She reentered the U.S. in 2008 and was again arrested. This time, she sought relief from deportation under the U.N. Convention Against Torture. She argued that her appearance and transgender identity put her at high risk of physical and sexual violence in Mexico.

Following her initial deportation in 2007, Avendaño-Hernandez says four uniformed police officers abducted her after she passed through a roadside checkpoint in Oaxaca, Mexico, and drove her to an unknown location.

“And then they started to sexually abuse me. They raped me. And they told me, ‘You gonna say something about what we do to you, we’re going to kill your family.’ And they left me there after they abused me and beat me,” says Avendaño-Hernandez.

That experience prompted her to go back to California. When attempting to cross the border, she says uniformed Mexican soldiers stopped her group and singled her out for a sexual assault.

But those stories weren’t enough to sway the Board of Immigration Appeals to let her stay in the U.S.

The board considered her felony conviction to be a particularly serious crime. And it pointed to the recognition of same sex marriage in Mexico City as evidence that LGBT Mexicans didn’t face undue discrimination or hardship.

Attorney Andrea Ruth Bird argued Avendaño-Hernandez’s case before the 9th Circuit and told the judges that just because gays and lesbians have some protections in the Mexican capital, that doesn’t mean transgender individuals are safe.

“In the case of Ms. Avendaño-Hernandez, she’s worried about being free from torture and there’s nothing in the law in Mexico that is helping prevent that to the extent that – even though there are laws saying ‘you shouldn’t torture anyone’ – those laws aren’t being enforced,” explains Bird. “Those were police officers and military officers who attacked her, so being able to get married as a gay person in Mexico City really isn’t anything that’s going to help her out in her particular situation.”

The three-judge panel from the 9th Circuit agreed, saying the Board of Immigration Appeals was wrong to conflate sexual orientation and gender identity.

Writing for the panel, Judge Jacqueline Nguyen noted that Mexico has one of the highest documented numbers of transgender murders in the world. The panel ruled that even though Avendaño-Hernandez’s felony conviction would make her ineligible for deferred deportation, there was enough evidence to grant relief under the Convention against Torture.
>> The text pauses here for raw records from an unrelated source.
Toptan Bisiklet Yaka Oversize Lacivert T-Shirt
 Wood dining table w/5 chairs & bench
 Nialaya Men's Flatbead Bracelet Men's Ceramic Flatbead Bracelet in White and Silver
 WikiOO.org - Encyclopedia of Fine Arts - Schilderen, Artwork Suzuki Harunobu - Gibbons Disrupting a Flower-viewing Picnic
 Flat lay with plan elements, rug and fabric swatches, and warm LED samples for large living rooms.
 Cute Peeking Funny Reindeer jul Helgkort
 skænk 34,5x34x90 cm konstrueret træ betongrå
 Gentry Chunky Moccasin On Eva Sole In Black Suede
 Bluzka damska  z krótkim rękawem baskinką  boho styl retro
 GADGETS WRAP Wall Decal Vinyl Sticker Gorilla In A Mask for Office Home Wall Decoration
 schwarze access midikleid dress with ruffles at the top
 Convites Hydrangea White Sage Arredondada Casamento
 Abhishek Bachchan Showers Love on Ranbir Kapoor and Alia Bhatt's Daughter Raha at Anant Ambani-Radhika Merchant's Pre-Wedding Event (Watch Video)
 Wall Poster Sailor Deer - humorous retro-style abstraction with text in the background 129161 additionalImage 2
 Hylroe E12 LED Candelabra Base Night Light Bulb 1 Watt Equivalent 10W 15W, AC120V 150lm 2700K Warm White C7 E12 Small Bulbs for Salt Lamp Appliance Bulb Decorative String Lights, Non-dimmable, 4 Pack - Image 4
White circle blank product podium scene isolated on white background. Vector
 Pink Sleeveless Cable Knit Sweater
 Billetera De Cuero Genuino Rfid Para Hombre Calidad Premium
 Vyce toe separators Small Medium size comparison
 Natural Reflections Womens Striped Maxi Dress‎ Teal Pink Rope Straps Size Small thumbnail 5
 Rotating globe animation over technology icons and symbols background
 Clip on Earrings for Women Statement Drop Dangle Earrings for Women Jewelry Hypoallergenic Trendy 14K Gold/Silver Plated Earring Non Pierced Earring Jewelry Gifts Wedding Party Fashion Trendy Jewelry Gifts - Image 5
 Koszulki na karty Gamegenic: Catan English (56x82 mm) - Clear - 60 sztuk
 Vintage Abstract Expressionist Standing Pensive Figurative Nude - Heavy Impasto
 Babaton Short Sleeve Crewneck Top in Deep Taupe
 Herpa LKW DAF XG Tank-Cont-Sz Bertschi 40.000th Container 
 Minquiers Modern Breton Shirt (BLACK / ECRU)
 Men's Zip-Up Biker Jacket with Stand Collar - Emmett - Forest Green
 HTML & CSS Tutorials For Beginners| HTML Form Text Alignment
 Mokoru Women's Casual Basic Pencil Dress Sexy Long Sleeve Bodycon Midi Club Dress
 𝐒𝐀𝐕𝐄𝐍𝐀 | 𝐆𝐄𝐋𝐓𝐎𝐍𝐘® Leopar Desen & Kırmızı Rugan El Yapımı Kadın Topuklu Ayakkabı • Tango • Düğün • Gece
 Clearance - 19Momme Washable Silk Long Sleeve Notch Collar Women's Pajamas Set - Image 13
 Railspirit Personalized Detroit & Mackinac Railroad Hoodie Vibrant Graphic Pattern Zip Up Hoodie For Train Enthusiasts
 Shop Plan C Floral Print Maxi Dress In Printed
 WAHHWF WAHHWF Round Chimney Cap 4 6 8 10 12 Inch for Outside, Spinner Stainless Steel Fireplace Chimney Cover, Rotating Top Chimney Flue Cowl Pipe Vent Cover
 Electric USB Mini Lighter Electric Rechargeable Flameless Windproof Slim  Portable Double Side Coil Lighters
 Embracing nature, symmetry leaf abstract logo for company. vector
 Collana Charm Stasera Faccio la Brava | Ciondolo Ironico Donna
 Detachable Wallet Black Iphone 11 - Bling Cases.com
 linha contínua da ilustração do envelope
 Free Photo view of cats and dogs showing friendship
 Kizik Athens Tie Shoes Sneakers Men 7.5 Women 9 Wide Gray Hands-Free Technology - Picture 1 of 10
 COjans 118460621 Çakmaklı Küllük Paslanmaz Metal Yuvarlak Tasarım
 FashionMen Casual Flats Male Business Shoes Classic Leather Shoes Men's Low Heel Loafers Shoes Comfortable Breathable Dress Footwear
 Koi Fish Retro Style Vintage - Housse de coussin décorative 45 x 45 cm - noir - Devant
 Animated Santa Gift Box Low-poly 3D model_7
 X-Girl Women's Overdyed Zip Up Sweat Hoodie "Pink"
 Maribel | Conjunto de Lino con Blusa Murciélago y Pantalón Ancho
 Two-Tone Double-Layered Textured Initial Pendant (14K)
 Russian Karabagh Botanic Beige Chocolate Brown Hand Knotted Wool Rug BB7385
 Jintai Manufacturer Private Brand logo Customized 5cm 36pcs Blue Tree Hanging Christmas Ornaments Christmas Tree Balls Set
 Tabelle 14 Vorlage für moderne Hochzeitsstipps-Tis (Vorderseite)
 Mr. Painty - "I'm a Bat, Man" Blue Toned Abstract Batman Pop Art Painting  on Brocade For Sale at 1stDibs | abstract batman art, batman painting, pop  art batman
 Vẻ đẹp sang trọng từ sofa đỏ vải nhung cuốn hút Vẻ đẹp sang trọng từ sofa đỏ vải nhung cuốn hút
Munmeeth Soni is a staff attorney at the Public Law Center in Santa Ana, California, and she also worked on Avendaño’s case. She says immigration courts and other circuit courts will look to this decision for guidance on cases of transgender immigrants from Mexico – and from other countries.

“Everything in the immigration court process works very slowly so I don’t think it’s going to fast track any of the cases. It for sure doesn’t create some blanket protection for all trans individuals seeking relief in the United States,” says Soni. “They still have a burden to demonstrate eligibility for that relief. At least at the immigration court level, we hope that many more individuals will be able to rely on this decision in support of their cases and will be successful at that first level so that they don’t go through this process that we had to go through.”

Hard numbers aren’t available but Immigration Equality, an organization that provides legal services to LGBT immigrants, estimates that about 200 immigrants seeking asylum in the U.S. at any given time are transgender.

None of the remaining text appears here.